> Data to examine:
· · · ·
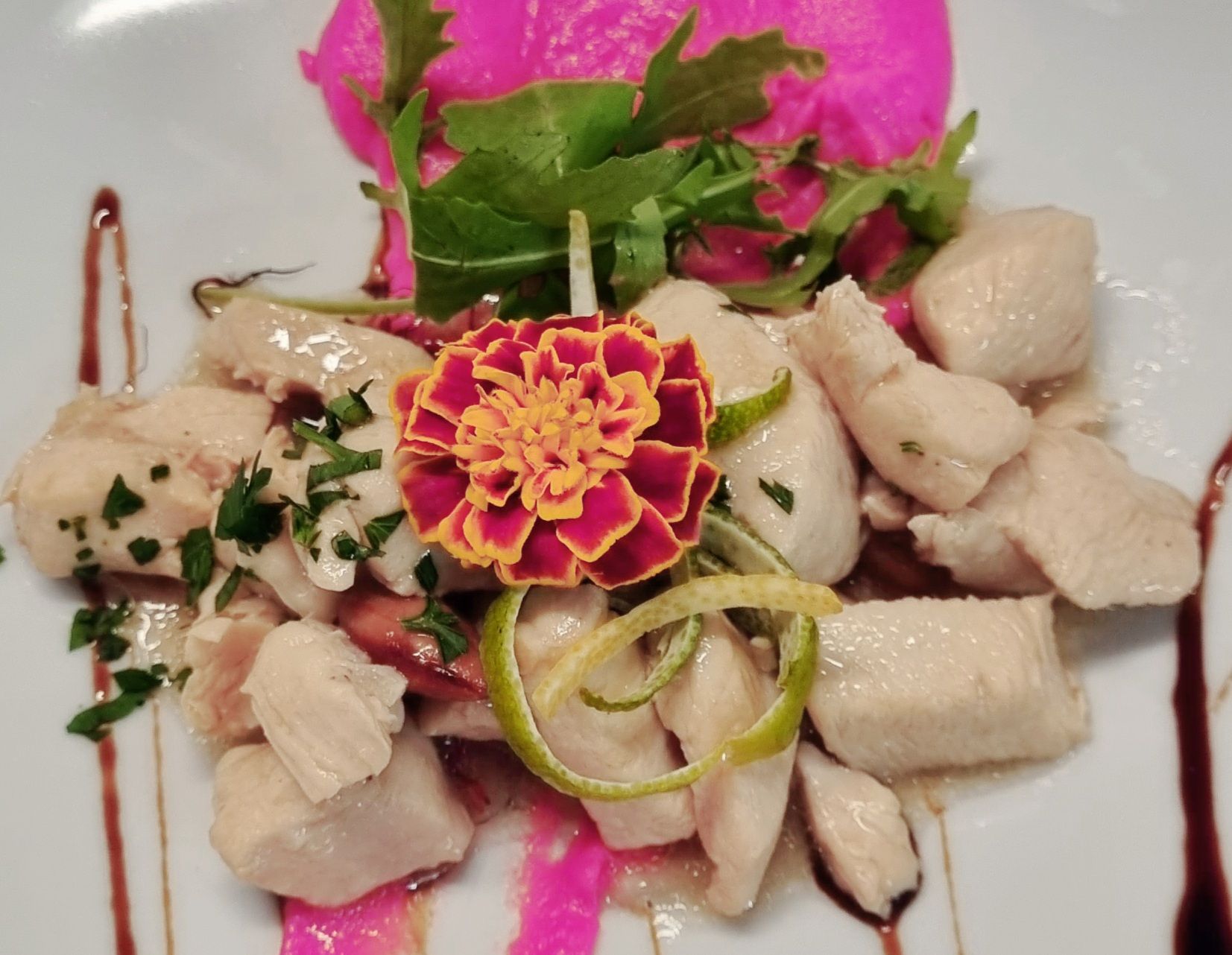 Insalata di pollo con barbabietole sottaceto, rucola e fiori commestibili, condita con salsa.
· · · ·
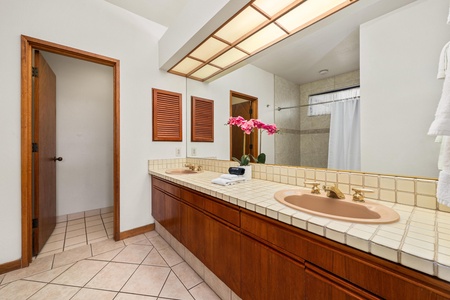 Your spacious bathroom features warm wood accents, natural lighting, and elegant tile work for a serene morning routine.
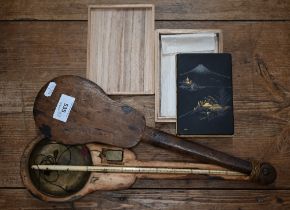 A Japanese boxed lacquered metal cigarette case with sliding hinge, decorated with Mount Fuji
· · · ·
> What is being asked: What is wanted is an exact copy of the lines above from the one containing "Your spacious bathroom" through the one containing "A Japanese boxed", with no pictures in it.

> Reply:
 Your spacious bathroom features warm wood accents, natural lighting, and elegant tile work for a serene morning routine.
 A Japanese boxed lacquered metal cigarette case with sliding hinge, decorated with Mount Fuji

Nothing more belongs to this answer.